After the accidental death of a spa worker in Las Vegas last year, cryotherapy’s image transformed overnight: going from hot new beauty treatment to dangerous, extreme practice.
If you read beauty magazines or blogs last year—or even watched the evening news—you probably heard about it: Chelsea Patricia Ake-Salvacion, an employee of a Las Vegas spa, was found dead in its cryotherapy chamber, which she apparently had entered alone after hours. The next morning, she was found curled up on the floor of the chamber, frozen.
Her beyond-horrific death has led to calls for new safety protocols for cryotherapy, a rapid deep freeze of the body (developed in Japan and popular throughout Europe) that purports to improve sleep, increase metabolism, reduce inflammation, and burn up to 600 calories, all in under three minutes. (Daniel Craig added it to his regimen for getting his ripped Bond bod, and top models Crystal Renn and Maryna Linchuk tout it, too.)
And the Nevada health department is conducting a broader investigation of cryotherapy, which could lead to some of the first regulations of its kind worldwide.
“When you’re dealing with extreme temperatures, there is little room for error,” says Heather Mikesell, editor of American Spa Magazine. “The fact that it’s getting such buzz these days also means you’ve got spas and other facilities jumping on the bandwagon. Unfortunately, that increases the danger factor because many employees don’t necessarily have the knowledge or experience needed to operate and monitor a cryotherapy chamber.”
(To be clear, though, in this case: The county coroner ruled Ake-Salvacion’s death an accident, Las Vegas police say no crime is suspected, and state Occupational Safety and Health investigators said she should not have been using the cryotherapy chamber after hours.)
Deep freeze 101
Cryotherapy, which has not been approved for medical use by the FDA, can seem a bit extreme—this is a no mere post-game ice bath, or cold plunge at the spa.
You enter a chamber of liquid nitrogen (ever have warts burned off by a dermatologist? That stuff) that’s been chilled to negative 264 degrees Fahrenheit, and your skin temperature cools to as low as 32 degrees, in minutes. The short duration keeps your core warm and minimizes discomfort, while stimulating the cold receptors of the body, proponents say: Blood rushes from your extremities, causing an endorphin surge, reduction of inflammation, and a recharging the adrenal glands.
Basically, fans of the procedure say it tricks your body into hypothermia without those pesky drawbacks like frostbite or death. And it has a lot of fans.

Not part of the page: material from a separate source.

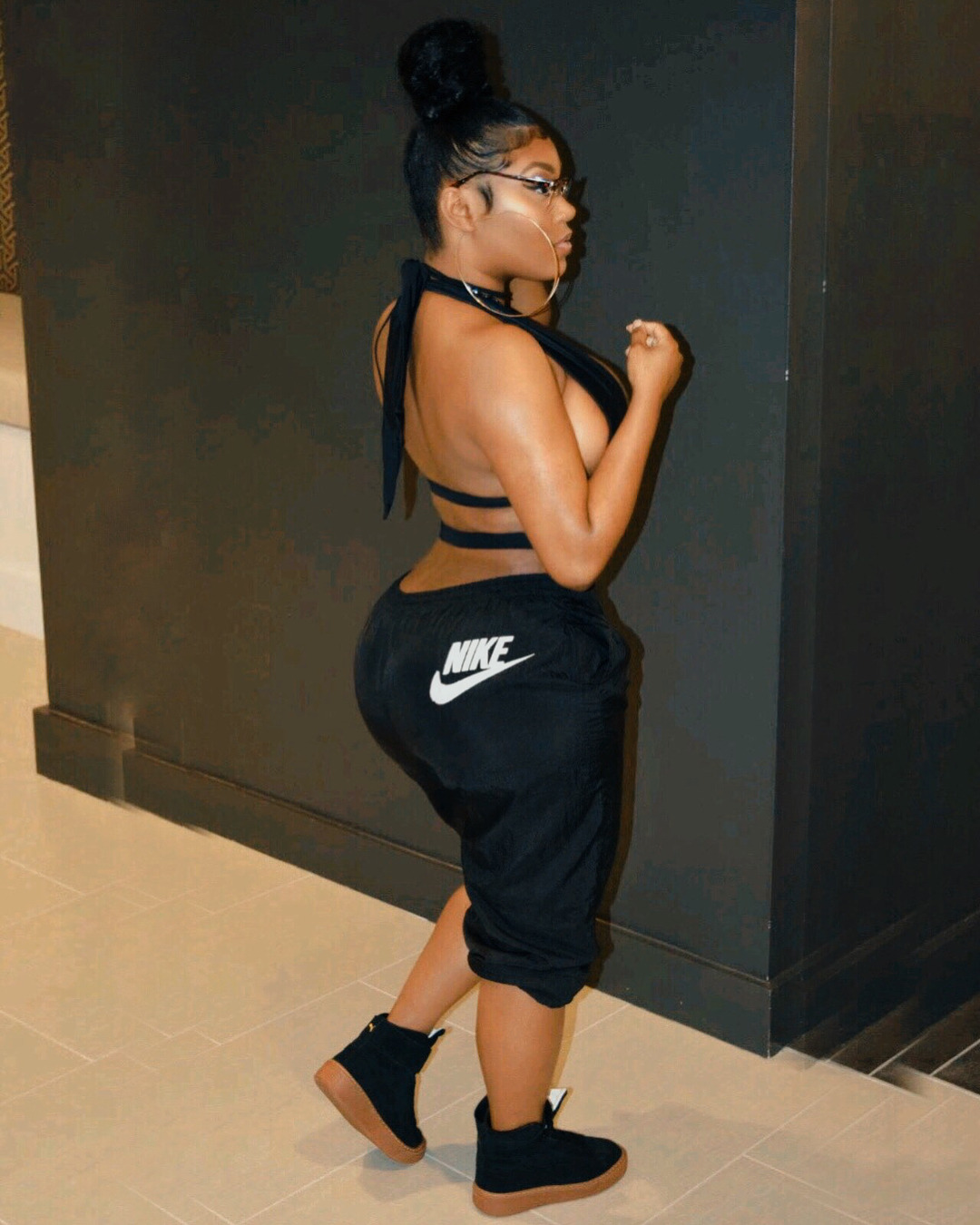 redstripeking:  La Saina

“Other bodywork is about unblocking energy, realigning, or strengthening,” says award-winning dancer and choreographer Stephen Petronio, who recently began visiting KryoLife in Manhattan. “This is kind of a workout for your circulatory system.”
The artistic director of his own dance company, Petronio trains every morning (weightlifting, swimming, Pilates) and then conducts four-hour rehearsals. “I’ve been dancing for 40 years. Inflammation is no stranger to me. [Cryotherapy] has my joints feeling great, and my metabolism is tripped off. I’m buzzing when I get out. I feel super consolidated, pulled together.”
My experience with the big chill
During my own visit to Kryolife last September, the cryotherapy chamber (which looked like something out of a cheap ’50s sci-fi film) was cold, but not painfully so—as if I stepped outside in my underwear on a brisk alpine night. But slowly, over seconds, I did feel a burning sensation on the backs of my arms and nipples.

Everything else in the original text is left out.